What you are asked to do: Leaving all pictures out, output exactly and only the line containing "Fifty Shades of" and the lines that follow it to the end of the material below.

Study material:

====

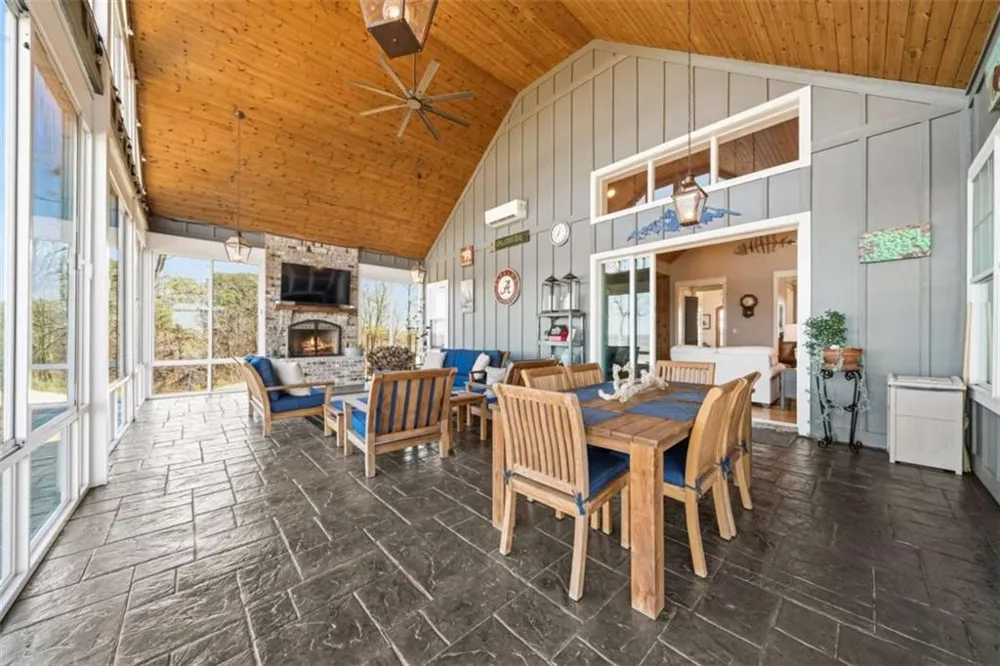 51 County Road 1024 Cedar Bluff, AL 35959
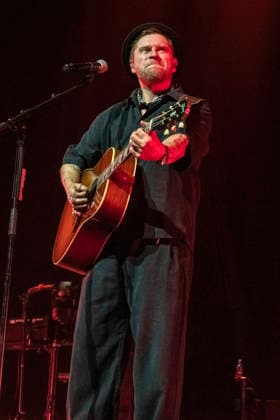 Johannes Oerding live at a concert of his Arena Tourin the ZAG Arena Hannover, 25 04 2026 Foto:xC.xSpeidelx xFuturexImagex oerding_6407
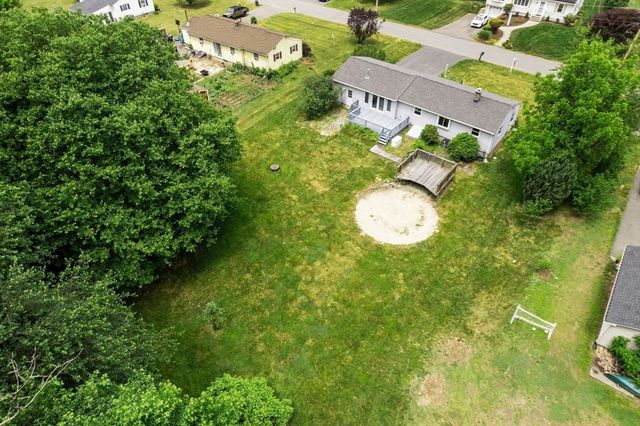 25 Wehr Rd, Hampden, MA 01036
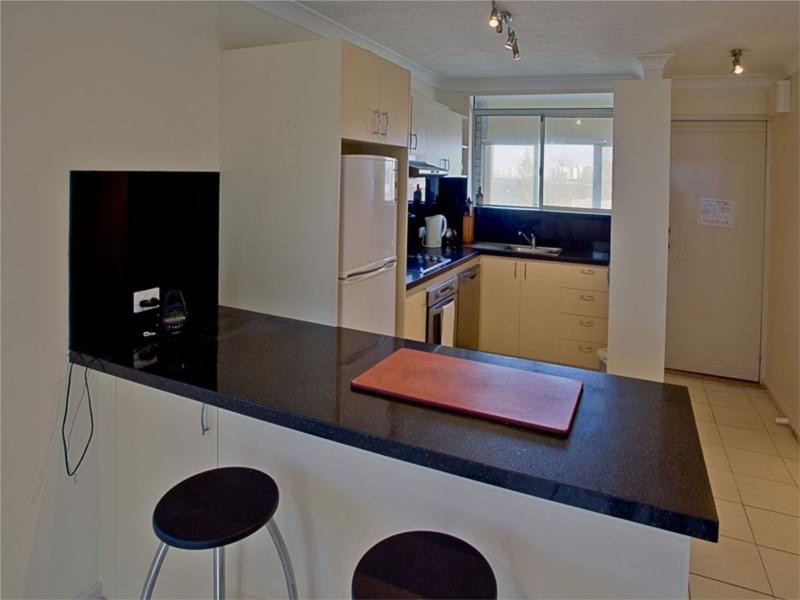 16/554 Marine Parade, Biggera Waters QLD 4216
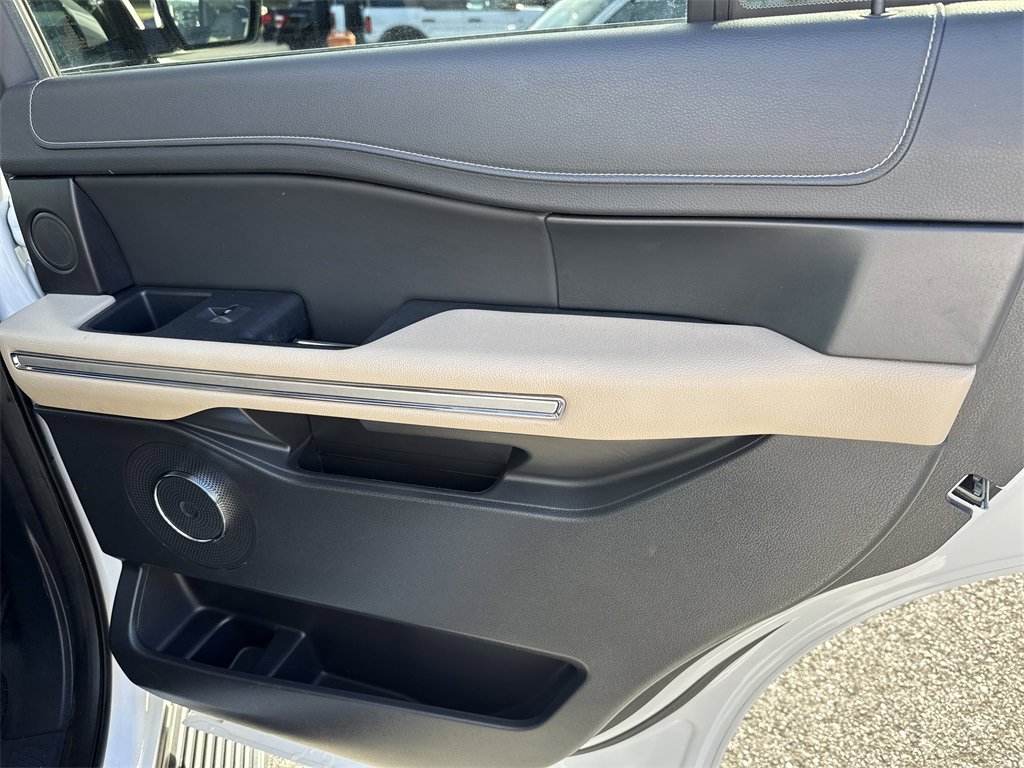 Used 2024 Ford Expedition Limited image 16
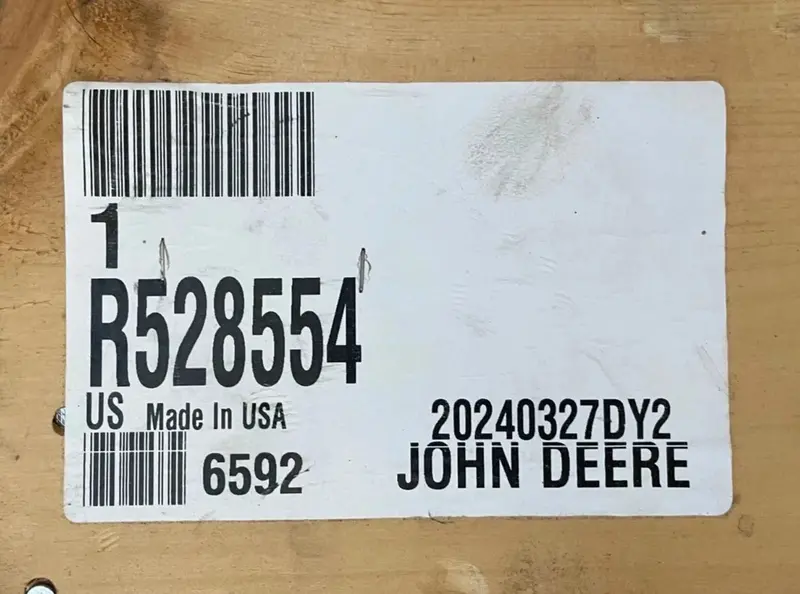 R528554 Genuine John Deere Camshaft 1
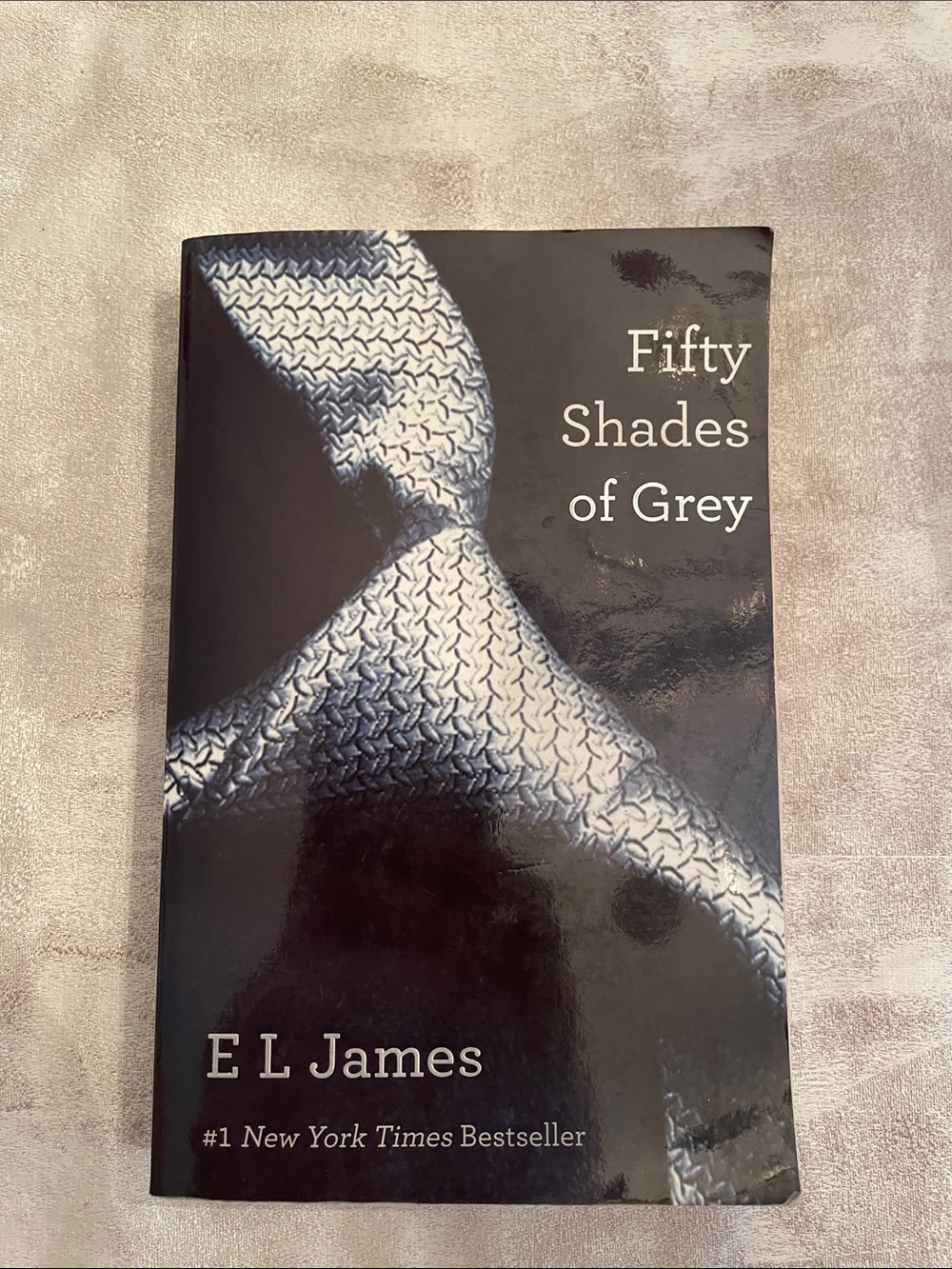 Fifty Shades of Grey by E. L. James - Gray Cover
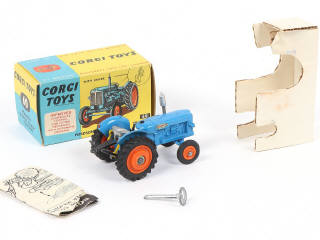 Lot 126 - CORGI TOYS (GB) (1)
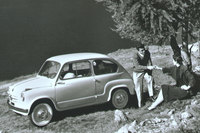 1955年に登場した「フィアット600」。RRの駆動方式を用いた小型車で、1960年にはより排気量の大きなエンジンを搭載した「600D」に進化。1969年まで生産された。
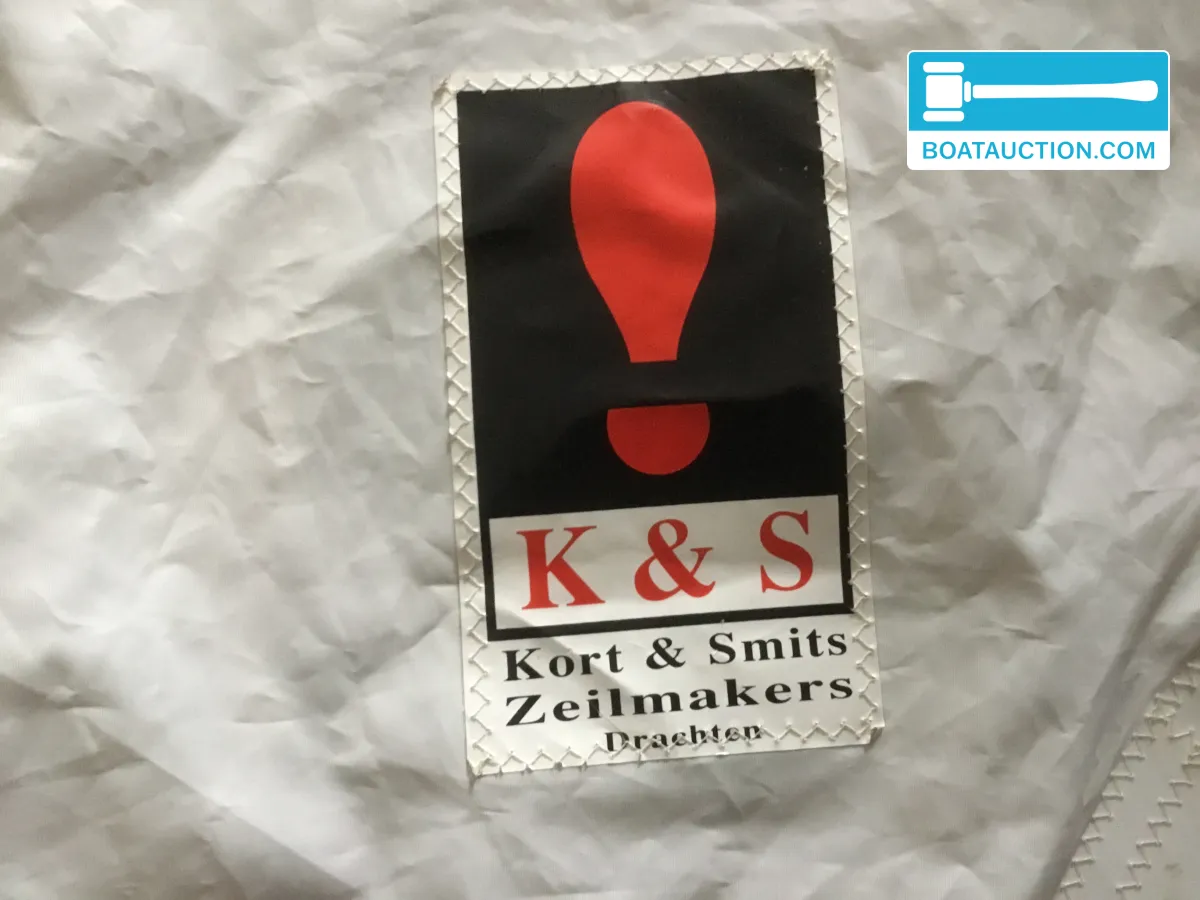 foto: 25 Spanker 712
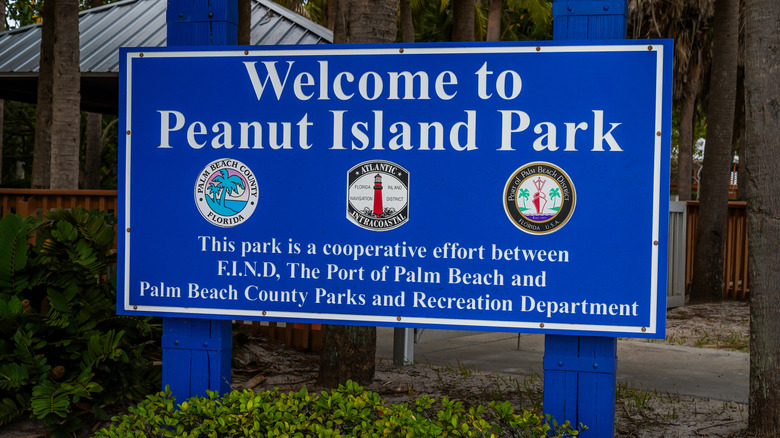 welcome sign at Peanut Island Park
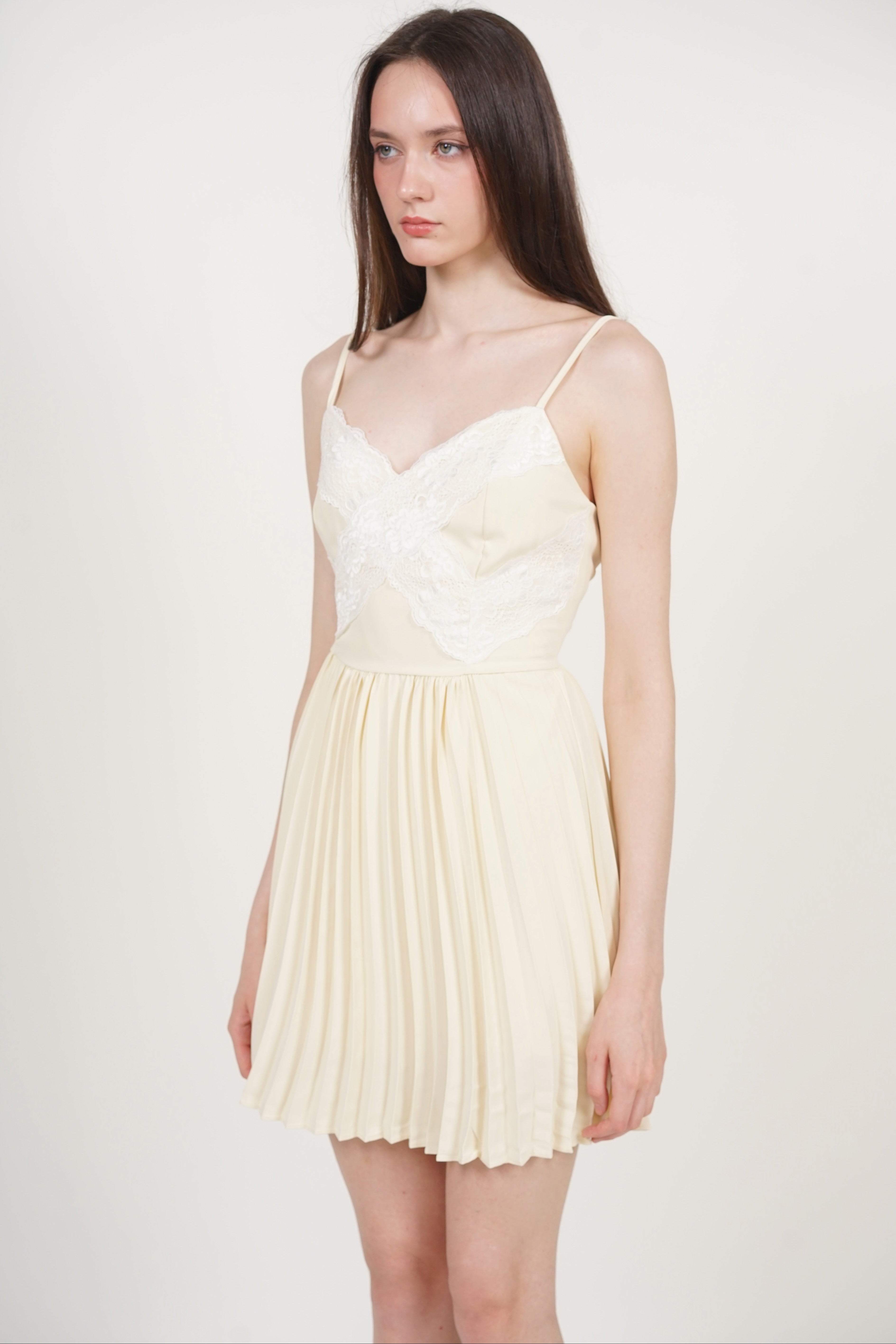 Cami Lace Pleated Romper in Buttercup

====

Written solution:
 Fifty Shades of Grey by E. L. James - Gray Cover
 Lot 126 - CORGI TOYS (GB) (1)
 1955年に登場した「フィアット600」。RRの駆動方式を用いた小型車で、1960年にはより排気量の大きなエンジンを搭載した「600D」に進化。1969年まで生産された。
 foto: 25 Spanker 712
 welcome sign at Peanut Island Park
 Cami Lace Pleated Romper in Buttercup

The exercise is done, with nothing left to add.